For most of us, winning a million dollar lottery is nothing but a dream, a nice little fantasy we like to entertain ourselves with only in our wildest daydreams. For Angela whose dream just became a reality, however, she quickly finds out that there's more to being a multi-millionaire than living extravagantly and buying private jets. While there are definitely some perks, there are surprisingly a lot of downsides in which Wardell is unafraid to explore.
I spotted another group just beginning their walk, taking tiny steps like we had, and realized we were now walking as smoothly as the previous group had been. Amazing how quickly humans get used to crazy situations.
This is the first book I've read by Heather Wardell but I can already tell she excels in character writing. We've all read a book where at least one character seems to lack any personality and whose only purpose seem to be for (bad) things to happen to them and then to be forgotten. You'll find no such character in Fifty Million Reasons. Instead, you'll find characters that you'll remember for their emotions, their motives, and their view in life. Aside from Angela, who I will talk more about later, the people I enjoyed reading about the most was Claudia, John, and Zack. Claudia is Angela's best friend and her struggles with trying to have a baby had me crossing my fingers and hoping the best for her. John's stubbornness really made me want to punch him and hug him at the same time. Zack is a precious kid who is sometimes too wise for his age, but if I had a kid who grew up to be like him, I would be so proud. So much time and effort has obviously been put into writing these characters, you can't help but easily connect with them and wish the best for them.
Angela, herself, is a genuine, generous protagonist who I found very difficult not to like. The only hitch in her characterization for me was her hangup on a relationship that ended nine years ago. I know "first loves" and "the one that got away" aren't easy to forget, but nine of years of wondering how your life would've been different if you were still with that person seems a bit excessive. Still, I liked how Angela's view on this managed to change throughout the story and was a nice indicator how much character growth she went through in just six months. As someone who is also afraid of change, Angela's fear that the money might have changed her and her relationships with others really resonated with me. Being privy to her thought processes as she slowly learns to accept those changes and start to balance her life only made me empathize with her even more.
This book will surely stop and make you reflect on your life, if even for the shortest of moments. Yet the book never, for one moment, gets preachy. Wardell doesn't tell the reader what is wrong or what is right. Instead, each character must try to find the solutions to their problems that best suited their own individual ethical code. In that process, the readers also end up pondering the same questions as the characters. If you won the lottery, how do you determine among your family, friends, and loved ones who gets what? How much is too much and too little during birthdays and holidays? What would you do if your relationships with the people closest to you changed because of money?
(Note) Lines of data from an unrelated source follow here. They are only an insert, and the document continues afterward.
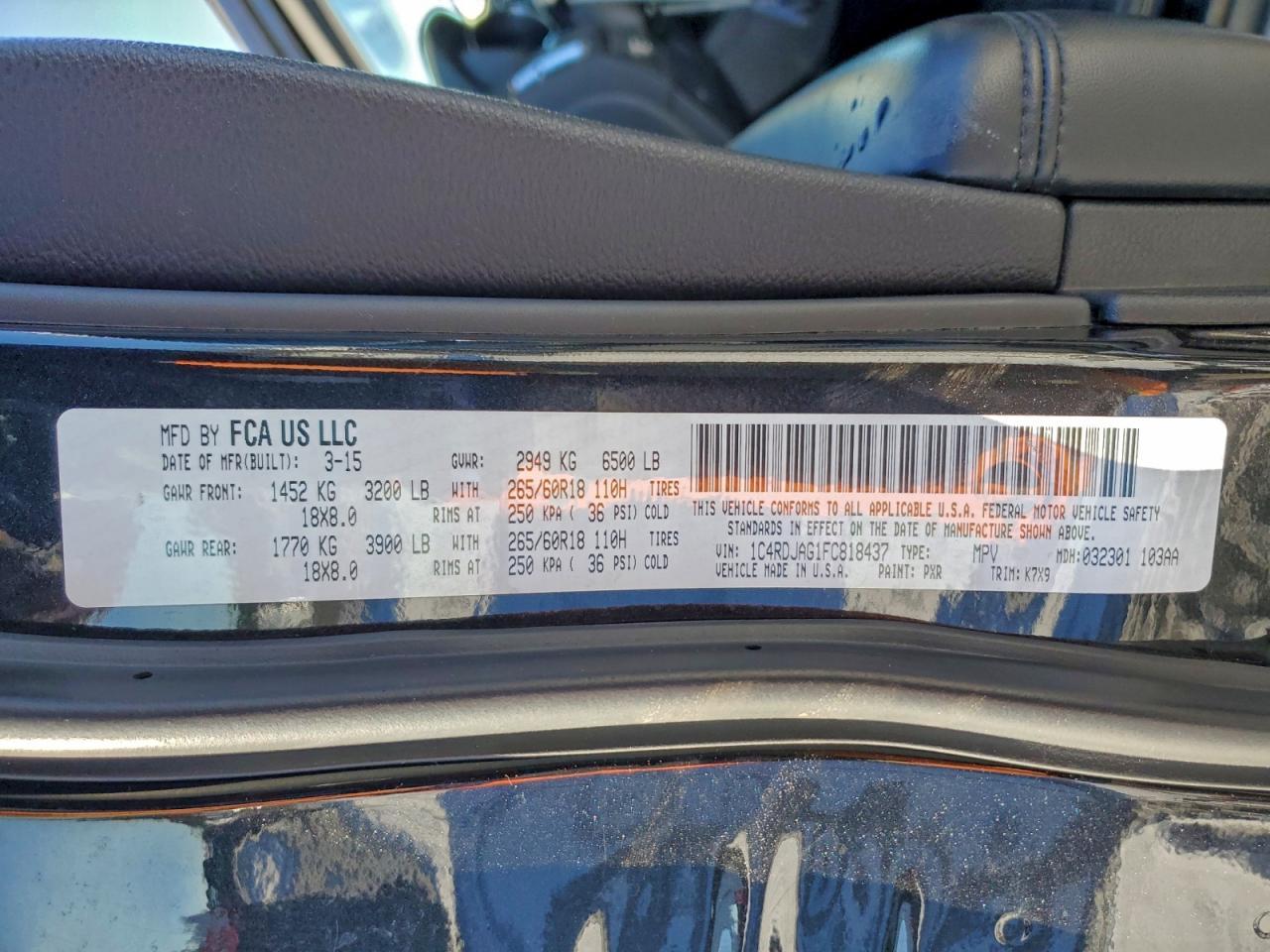 2015 Dodge Durango sxt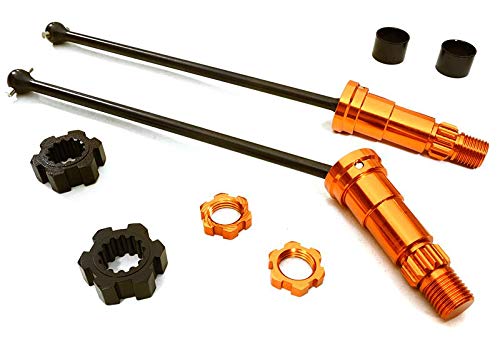 RC Model Universal Drive Shafts w/ +6mm EXT. Stub Axles (2) for Traxxas X-Maxx 4X4 von Integy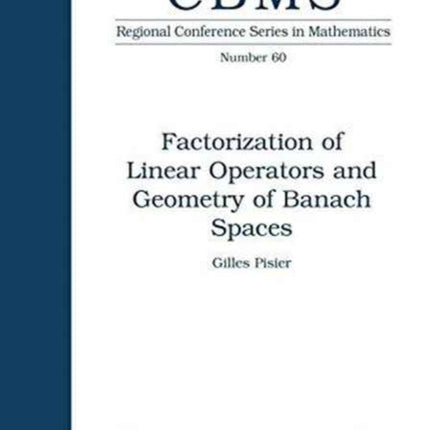 PisierFactor Linear Oper Cbms 60 P Expanded Lec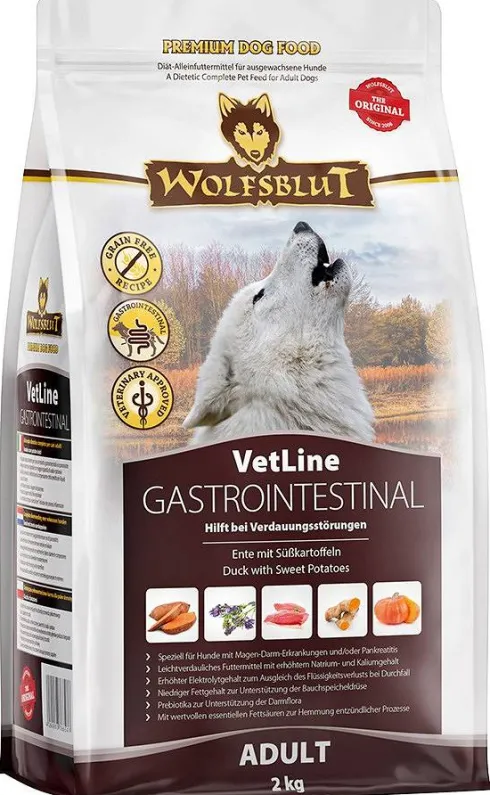 Wolfsblut VetLine Gastrointestinal Sucha Karma dla psa op. 2kg WYPRZEDAŻ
If someone you knew won the lottery, would you ask them for money? If they offered it even when you didn't ask, would you accept it? When I thought about those questions, I couldn't help but be just a little more devoted to the characters and their stories and hoping that there was a happy ending for all.
The ending did manage to wrap up Angela's experience as a multi-millionaire extremely well. Although some might see it as predictable, I still found it satisfying while staying true to their characters. Overall, I would definitely recommend to anyone looking for a light, refreshing read that just leaves you with a warm feeling and rosy cheeks in the end.